Stored data Block Start

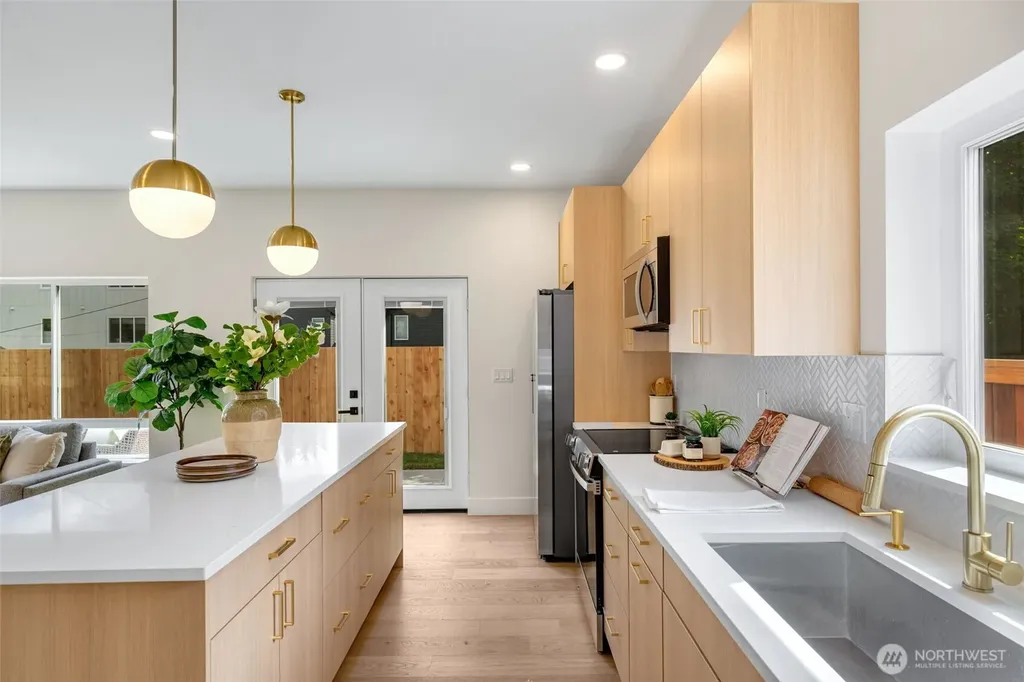 10053 8th Avenue NW Seattle WA 98177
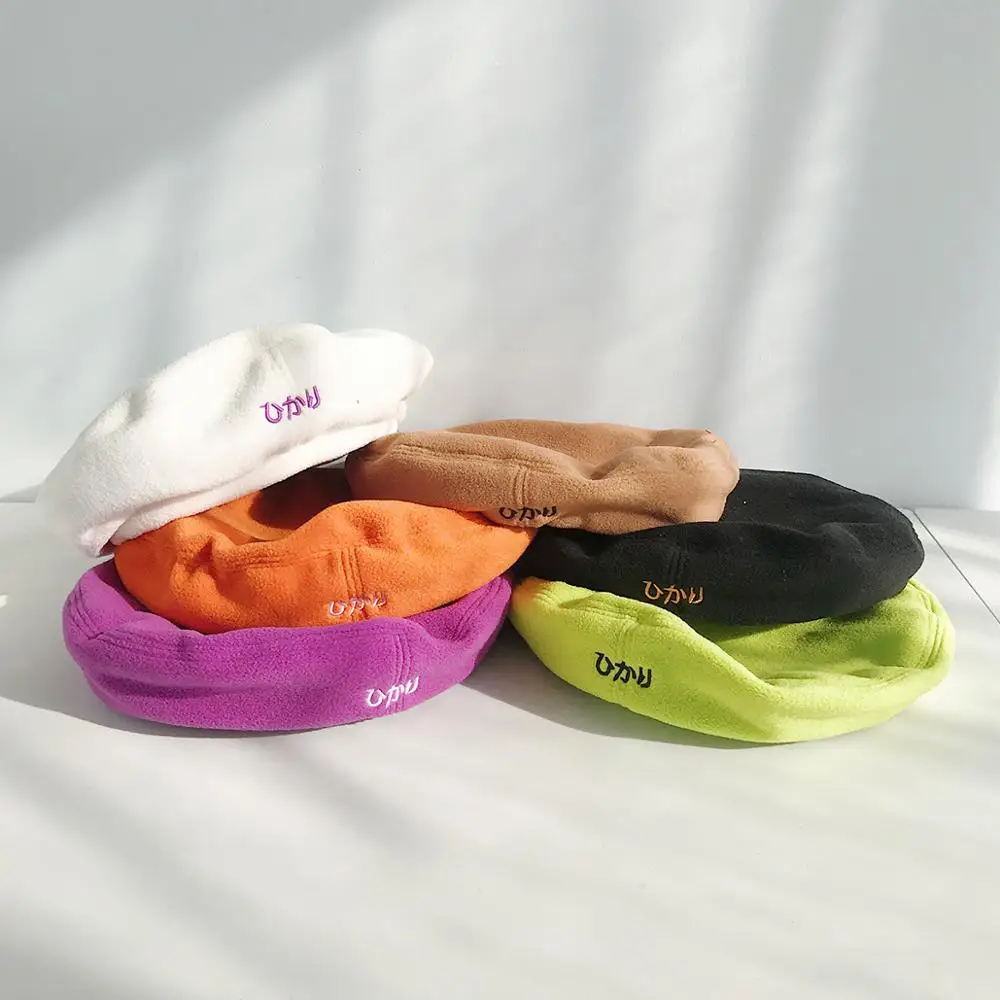 Берет с вышивкой шапки для девочек винтажный зимний осенний берет Женский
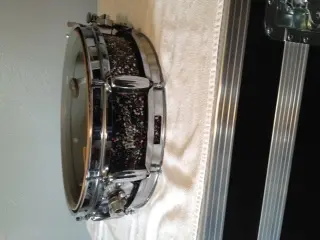 Thoughts on Rogers Holiday Cleveland Mardi Gras drums...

Stored data Block End

> [Your goal]:
Print the listing exactly, minus its pictures.

> [Written response]:
 10053 8th Avenue NW Seattle WA 98177
 Берет с вышивкой шапки для девочек винтажный зимний осенний берет Женский
 Thoughts on Rogers Holiday Cleveland Mardi Gras drums...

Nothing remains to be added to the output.